Repeat the listing below verbatim, without its images.

* _RECORDED DATA_
.....

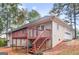 Home's back exterior with a wooden deck, stair access, and an attached two-car garage on a sloped lot at 1300 Lakehaven Pkwy, Mcdonough, GA 30253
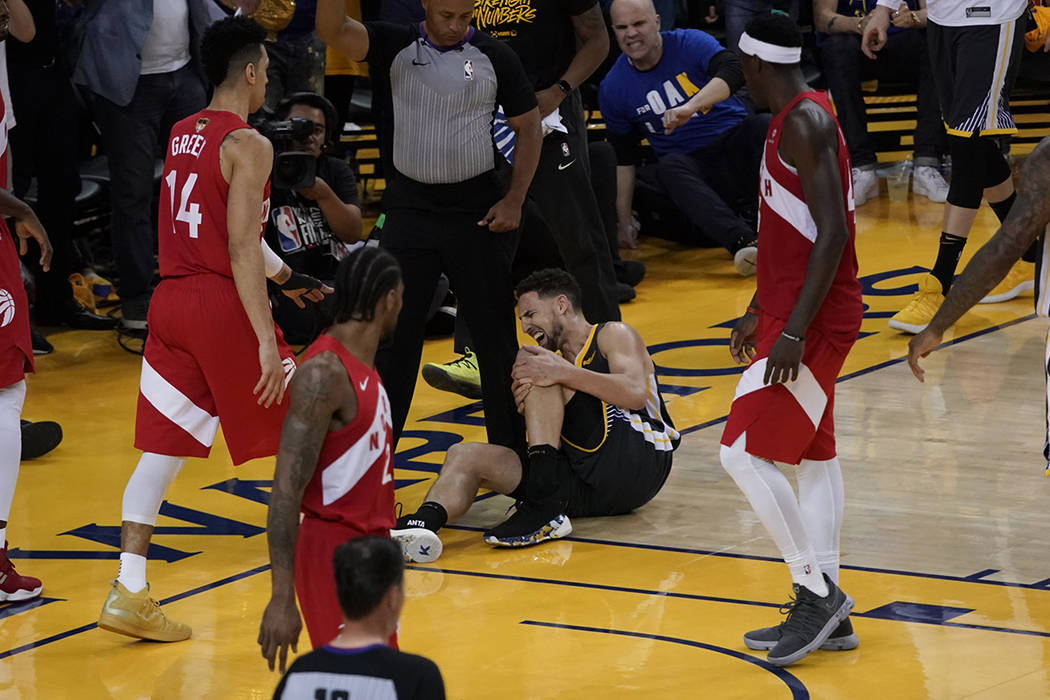 Golden State Warriors guard Klay Thompson reacts after being injured during the second half of ...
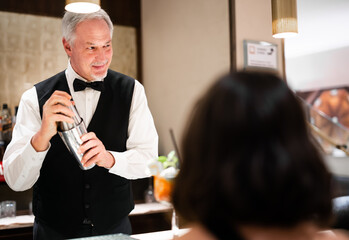 Mature waiter serving cocktails to a couple in a luxury hotel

.....

* _EXERCISE ANSWER_
 Home's back exterior with a wooden deck, stair access, and an attached two-car garage on a sloped lot at 1300 Lakehaven Pkwy, Mcdonough, GA 30253
 Golden State Warriors guard Klay Thompson reacts after being injured during the second half of ...
 Mature waiter serving cocktails to a couple in a luxury hotel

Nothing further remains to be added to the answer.